Not satisfied with the magistrate’s decision, White through his lawyers Webb, Low and Barry Legal Practitioners, filed a notice of appeal and an urgent chamber application for stay of execution pending the appeal at the High Court.

According to court papers, White won the appeal on May 20 and he was granted the order for stay of execution by Justice Maxwell Takuva, but Ntuliki proceeded with the eviction order.

Last Thursday, Justice Martin Makonese ordered Ntuliki to vacate Avalon Farm within 48 hours of receiving the order.

“It’s not disputed that the applicant has obtained an order of the court staying execution pending appeal. He is therefore clearly on the farm in terms of the law and the first respondent (Ntuliki) must allow due process to take effect for he can’t ask the court to ignore its own orders and allow self-help,” said Justice Makonese.

The judge said Ntuliki should follow the law if he wants his rights to be protected under the law.

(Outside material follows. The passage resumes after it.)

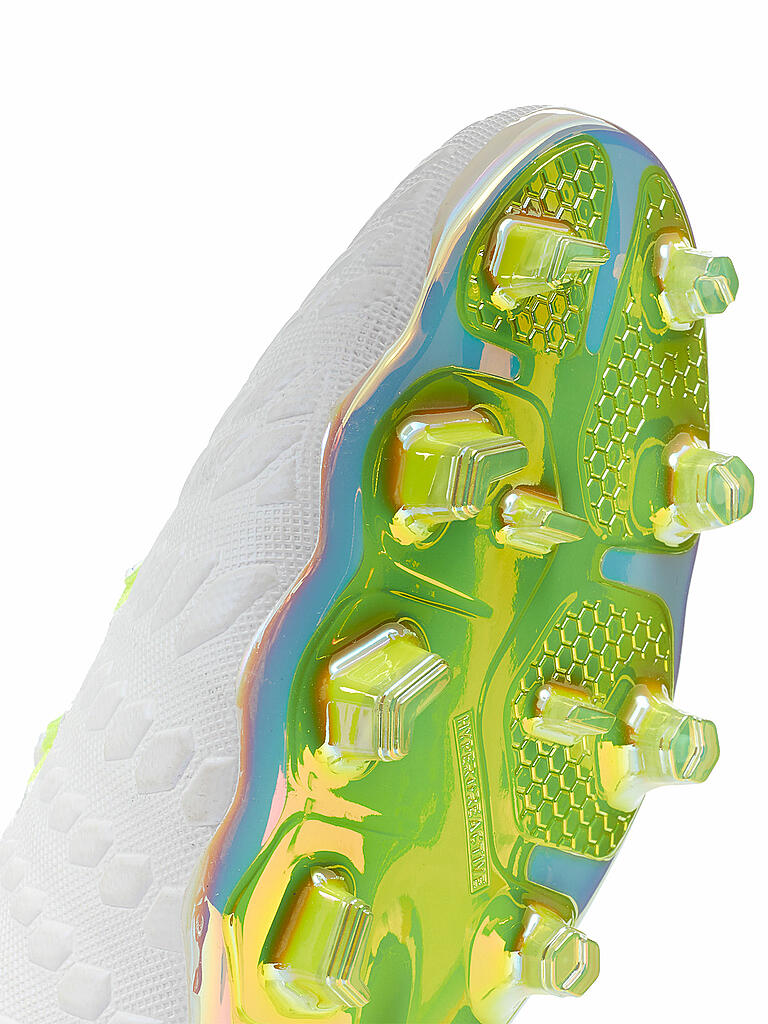 NIKE | Fußballschuh Nocken Hypervenom III Elite Dynamic Fit FG | 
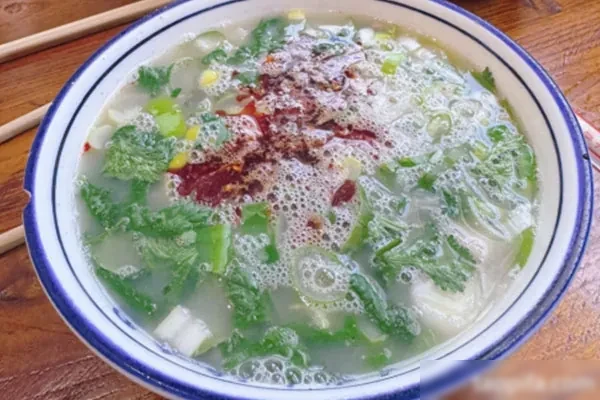 羊汤系列课配方和视频教程-小吃方略网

“A litigant may not on one hand seek the assistance and protection from the courts and yet on the other hand disobey the orders of the same courts. In the result, the applicant is granted in terms of the draft order and the first respondent is to pay the cost of suit,” ruled Justice Makonese.

White accused Ntuliki of harvesting his tomatoes worth $5,800 at the farm.

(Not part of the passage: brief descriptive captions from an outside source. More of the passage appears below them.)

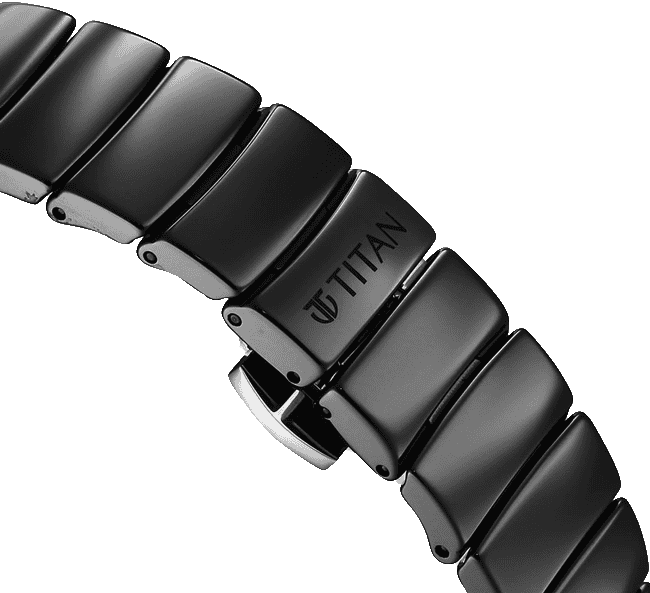 Buy Titan Titan 2757NC01 Watch in India I Swiss Time House
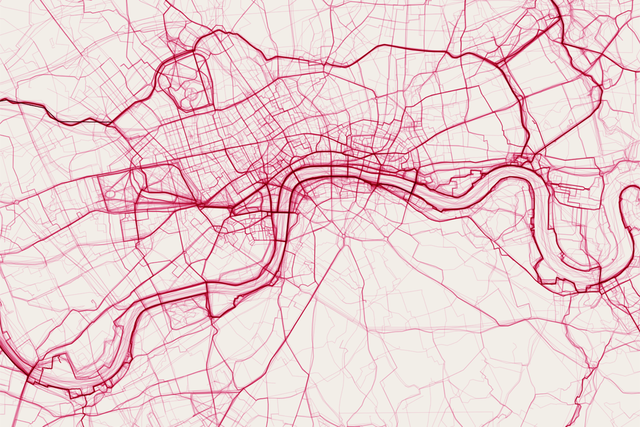 A look at the UX Design career path with a focus on the geospatial sector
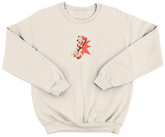 Create & Didier - Sweatshirt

They have, since the beginning of the year, been locked in a legal wrangle over the control of Avalon Farm with both parties claiming to be the rightful owners of the disputed property.

Justice Nokuthula Moyo, in March, barred Ntuliki from occupying the Esigodini farm before the Gwanda provincial magistrate gave him the green light to take over the property.

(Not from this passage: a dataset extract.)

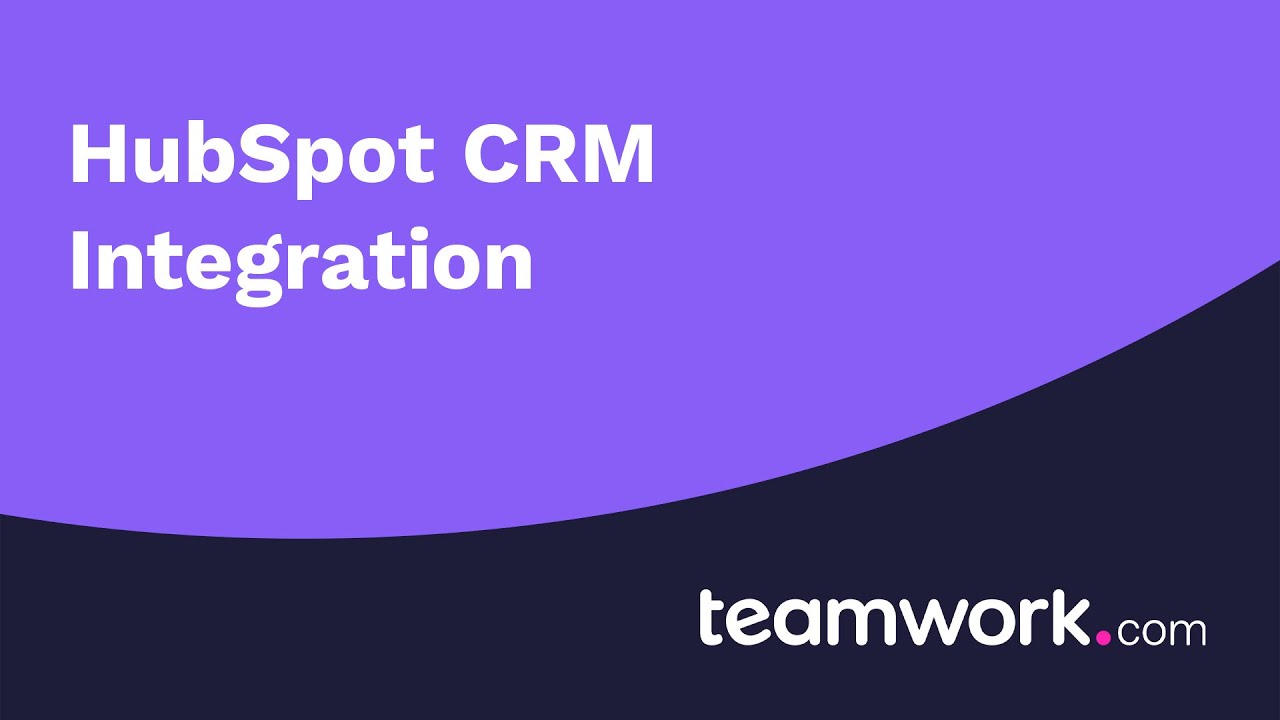 Supercharge Your Teamwork: A Comprehensive Guide to CRM Integration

Justice Moyo dismissed the application by Ntuliki to bar White from interfering with activities at the farm saying the government official had not followed proper procedures in occupying the farm since White had not been given an eviction notice.

Ntuliki had argued that White was blocking his workers from occupying the farm and was refusing to vacate the property. He said he had an offer letter from the Ministry of Lands and Rural Settlement authorising him to remain on the farm.